0

I'm using preg_match_all to get the quoted users from a post on a forum like so:

    preg_match_all('/quote author=(.*) link=/', $post, $quotedUsers);

The $post string will typically be something like:

[quote author=John link=topic=1234.msg123456#msg123456 date=1234567890]Lorem ipsum dolor sit amet[/quote]
Lorem ipsum dolor sit amet consectetur elit...

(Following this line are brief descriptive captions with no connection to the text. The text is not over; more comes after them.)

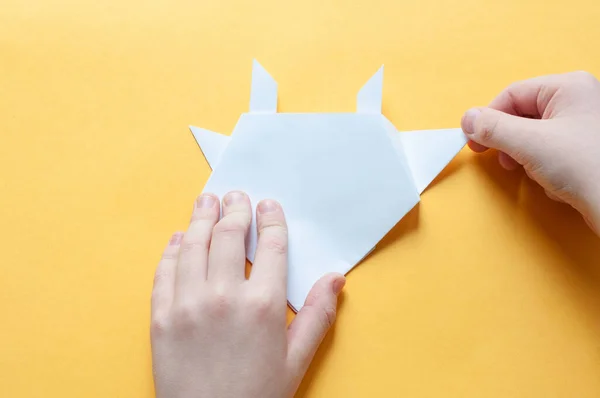 Adım 18. Sarı arka plandaki bir çocuğun elleri beyaz bir kağıdın karesini üçgenlere böler. Origami boğa kavramı.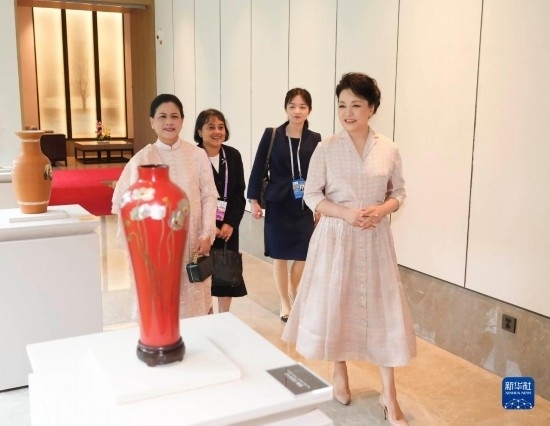 7月27日下午，國家主席習近平夫人彭麗媛在四川成都會見陪同印度尼西亞總統(tǒng)佐科來華出席第31屆世界大學生夏季運動會開幕式并訪華的總統(tǒng)夫人伊莉亞娜。這是彭麗媛和伊莉亞娜欣賞成都特色非遺工藝品。新華社記者 丁林 攝
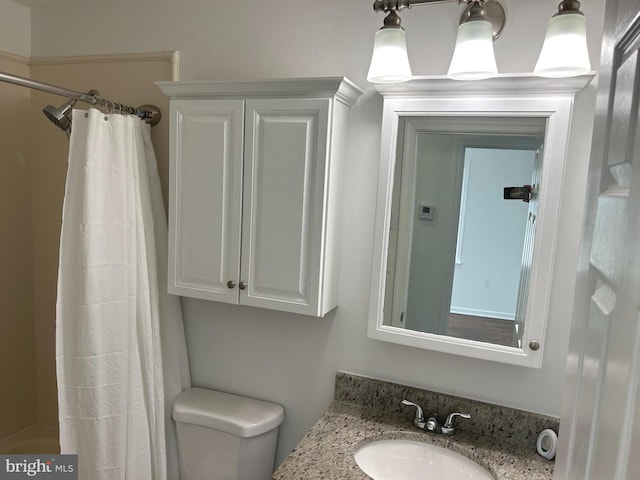 bathroom featuring toilet, shower / bath combo with shower curtain, and vanity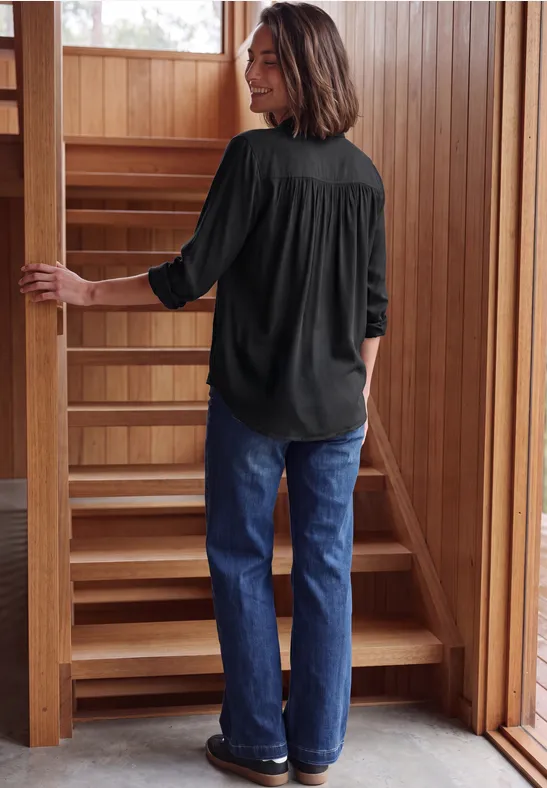 Vrouw in donkere blouse en spijkerbroek loopt een houten trap op in een warme, houten omgeving.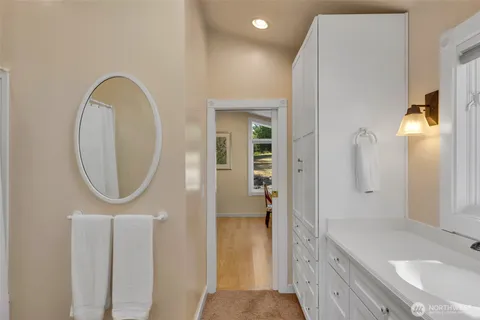 a bathroom with a sink a mirror and a shower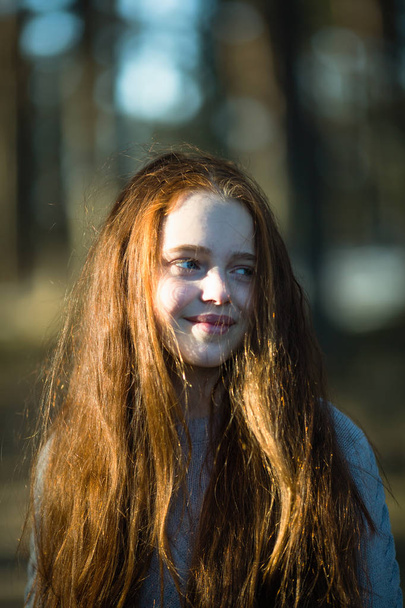 Cute teen girl with long bright red hair closeup portrait outdoors. - 写真・画像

The preg_match_all function works fine when only one user is quoted, and returns something like:

Array
(
    [0] => Array
        (
            [0] => quote author=John link=
        )

    [1] => Array
        (
            [0] => John
        )

)

My code loops through each $quotedUsers[1] to get the usernames, and I thought everything was fine. Except, when two users are quoted, it looks more like this:

Array
(
    [0] => Array
        (
            [0] => quote author=Bob link=topic=1234.msg123456#msg13456 date=1234567890]Lorem ipsum dolor sit amet[/quote]

[quote author=John link=
        )

    [1] => Array
        (
            [0] => Bob link=topic=1234.msg123456#msg13456 date=1234567890]Lorem ipsum dolor sit amet[/quote]

[quote author=John
        )

)

What is going on and how do I fix this? I thought preg_match_all would just put all of the usernames into the $quotedUsers[1] array.

katoth
  • 73
  • 5
  • That's why you should [use a BBCode parser](http://stackoverflow.com/questions/488963/best-way-to-parse-bbcode "Best way to parse BBCode"), like suggested in [your previous question](http://stackoverflow.com/questions/3967228/php-and-regex-problem "PHP and Regex Problem"). [Regular expression cannot parse BBCode](http://kore-nordmann.de/blog/do_NOT_parse_using_regexp.html "Kore Nordmanns Blog: Do not parse HTML Using Regular Expressions") – Gordon Oct 19 '10 at 13:12

3 Answers3

0

On your regex you have to make * not greedy

'/quote author=(.*?) link=/'

Just have to add a ? after *

Viper_Sb
  • 1,809
  • 14
  • 18
0

Make the * non-greedy:

/quote author=(.*?) link=/

This will match any character until the next ) found. Otherwise it will match as many characters as possible (meaning it will match up to the last ) found).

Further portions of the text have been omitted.